Broad Medical Applications
“Knowing the genetic makeup of leader cells and understanding their formation and behavior gives us the ability to alter cell migration,” Wong said.
With this new knowledge, researchers can re-create, at the cellular and molecular levels, the chain of events that brings about the formation of human tissue. Bioengineers now have the information they need to direct normal cells to heal damaged tissue, or prevent cancer cells from invading healthy tissue.
The UA team’s findings have major implications for people with a variety of diseases and conditions.

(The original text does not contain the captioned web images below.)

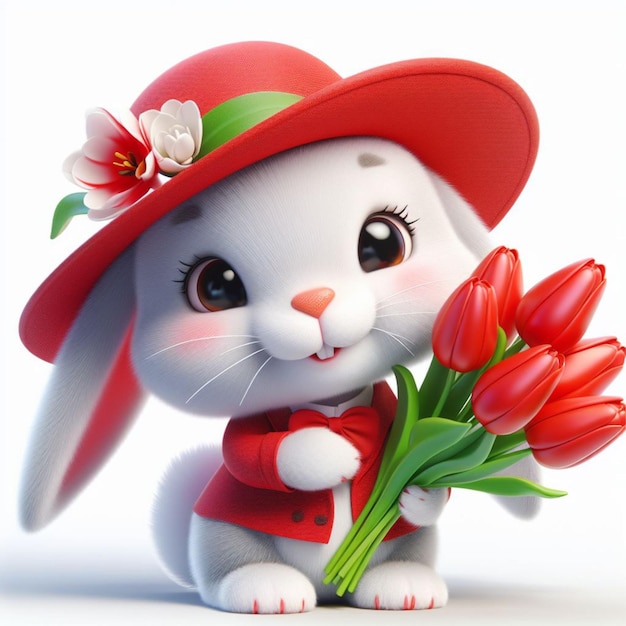 Bunny with a bouquet of red flowers Holiday card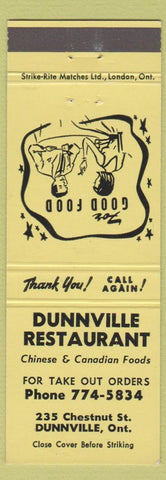 Matchbook Cover - Dunnville Restaurant Chinese Dunnville ON yellow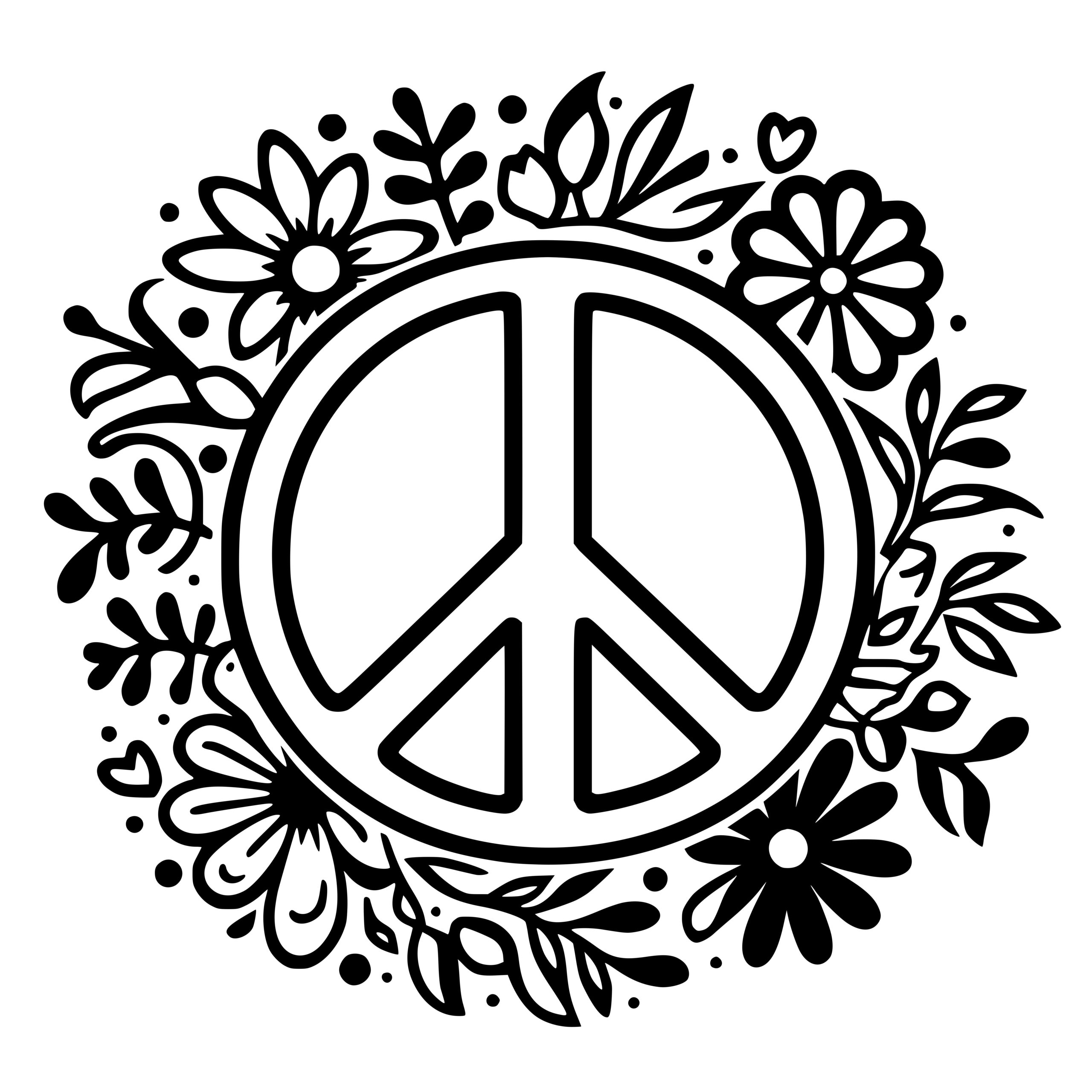 Floral Peace Sign SVG For Cricut Silhouette Glowforge Laser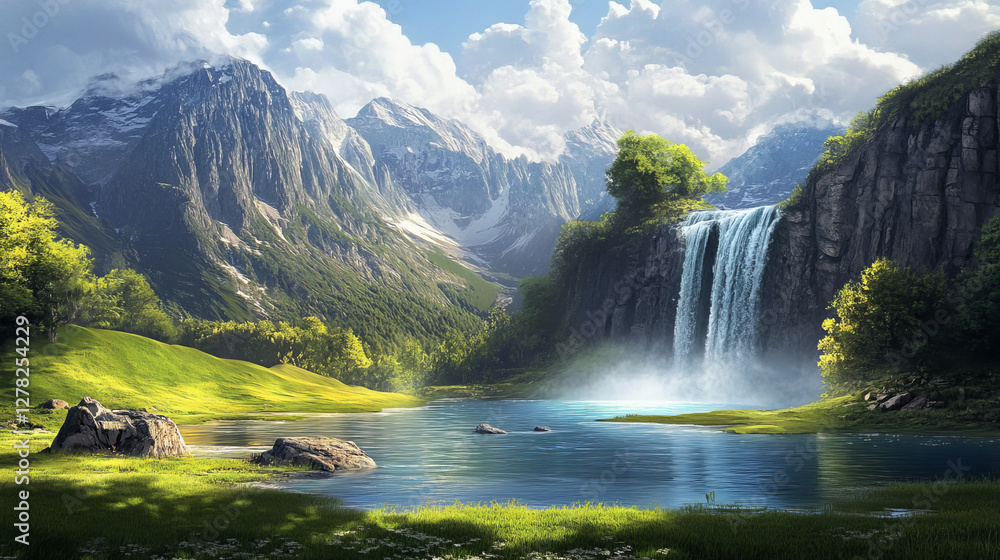 Fototapeta premium Waterfall landscape with river or lake vector illustration. Water cascade in rock paradise scene. Grass valley fantasy summer picture. Beautiful game park with riverside to travel. Cloud in sky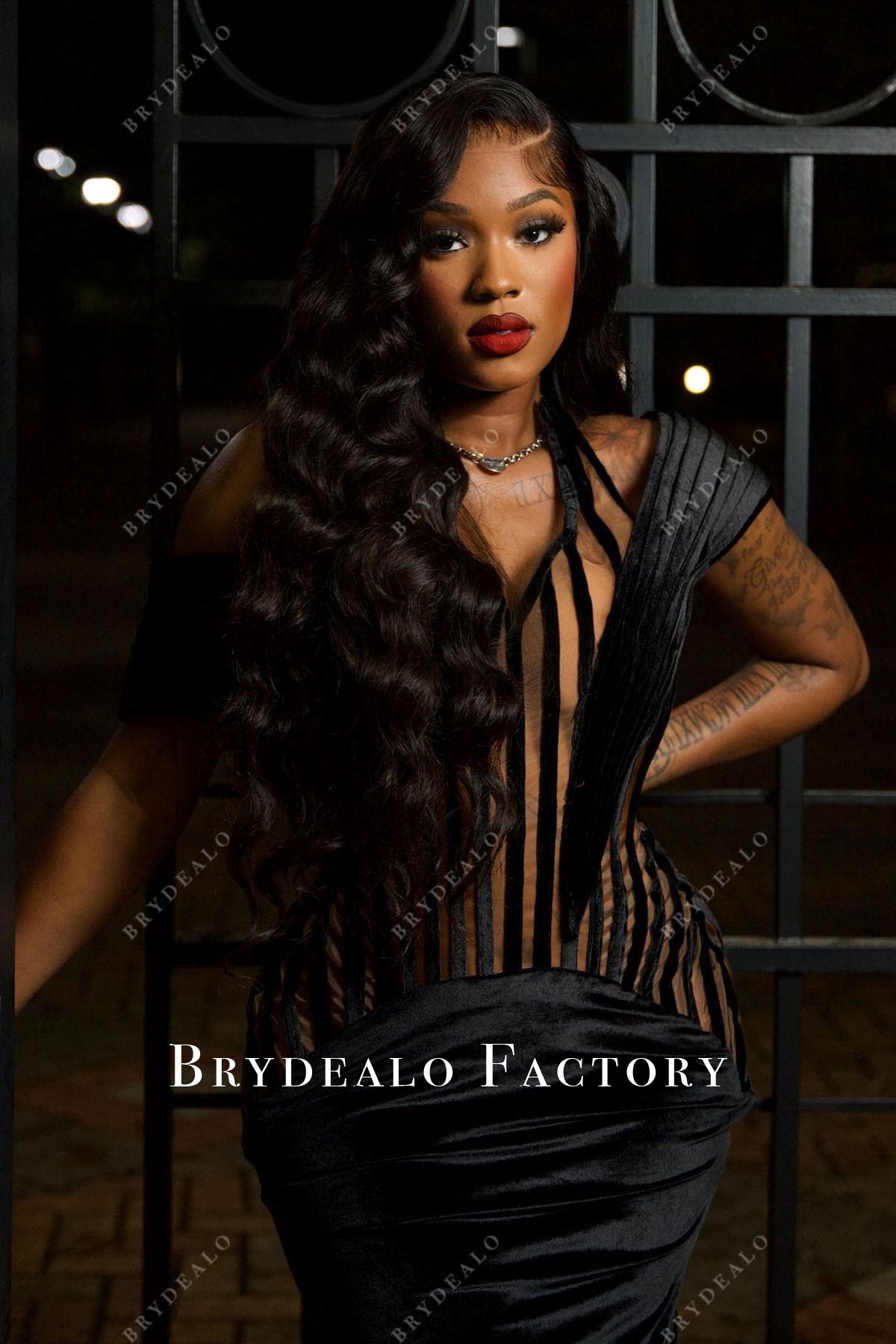 black velvet asymmetrical prom dress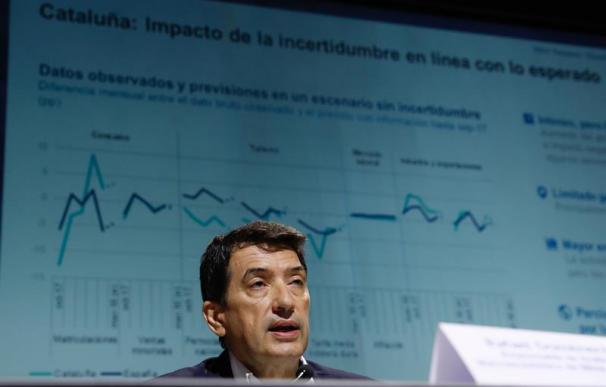 El responsable de Análisis Macroeconómico de BBVA Research, Rafael Doménech, durante la presentación.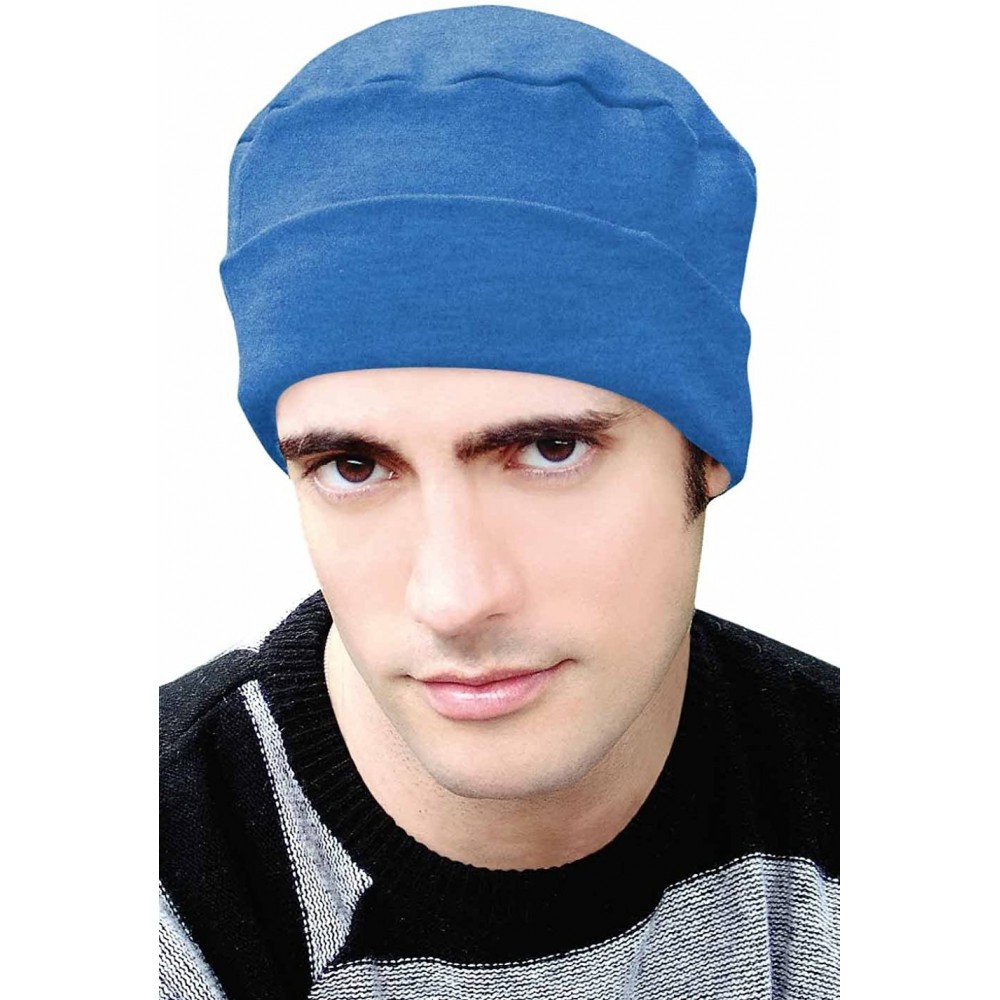 Skullies & Beanies Cancer Patient Hats for Men - Cotton Cuff Cap - Peacock Blue - CI125J5KCZ5 $23.41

For example, the discoveries may lead to better treatments for non-healing diabetic wounds, the No. 1 cause of lower limb amputations in the United States; for plaque buildup in arteries, a major cause of heart disease; and for slowing or even stopping the spread of cancer, which is what makes it so deadly.
The research also has the potential to speed up development of bioengineered tissues and organs that can be successfully transplanted in humans.
About the Study
In the UA Systematic Bioengineering Laboratory, which Wong directs, researchers used a combination of single-cell gene expression analysis, computational modeling and time-lapse microscopy to track leader cell formation and behavior in vitro in human breast cancer cells and in vivo in mice epithelial cells under a confocal microscope.
Their work included manipulating leader cells through pharmacological, laser and other means to see how they would react.
“Amazingly, when we directed a laser at individual leader cells and destroyed them, new ones quickly emerged at the migrating tip to take their place,” said Wong, who likened the mysteries of cell migration and leader cell formation to the processes in nature that cause geese to fly in V-formation or ants to build a colony.